Los futuros del Brent y del West Texas Intermediate reaccionaron con descensos significativos en distintas sesiones tras el anuncio. El Brent llegó a caer entre 6% y más de 9% en algunos momentos, perforando nuevamente el nivel de los 100 dólares por barril, mientras que el WTI acumuló retrocesos superiores al 10%, acercándose a la zona de los 90 dólares. En los escenarios de mayor volatilidad, el mercado llegó a descontar caídas cercanas al 15%, reflejando la sensibilidad del crudo a cualquier señal de desescalada en Oriente Medio.
La presión bajista no se limitó al petróleo. El gas natural en Europa también retrocedió con fuerza, mientras que los mercados bursátiles globales avanzaron impulsados por la expectativa de un entorno energético más estable y con menor impacto inflacionario. En Estados Unidos y Europa, los principales índices registraron ganancias generalizadas, especialmente en sectores sensibles al costo de la energía como aerolíneas, transporte y consumo.
En paralelo, el oro mostró movimientos mixtos como activo de refugio, mientras el dólar perdió terreno frente a otras monedas en un contexto de menor aversión al riesgo. Los inversionistas interpretaron los anuncios de la Casa Blanca como una posible reducción del riesgo sistémico asociado al conflicto entre Washington y Teherán, aunque sin una confirmación definitiva del acuerdo por parte de Irán.

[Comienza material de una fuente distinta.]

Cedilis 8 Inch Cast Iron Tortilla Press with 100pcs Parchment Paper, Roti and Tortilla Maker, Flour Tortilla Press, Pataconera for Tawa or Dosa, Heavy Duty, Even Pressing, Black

El foco del mercado sigue puesto en la evolución de las negociaciones y en el papel del estrecho de Ormuz, por donde transita una parte clave del suministro mundial de petróleo. Aunque el anuncio de alto el fuego generó un alivio inmediato en los precios, persiste la incertidumbre sobre la duración del acuerdo y sobre si las conversaciones derivarán en una solución estable o en un nuevo episodio de tensión.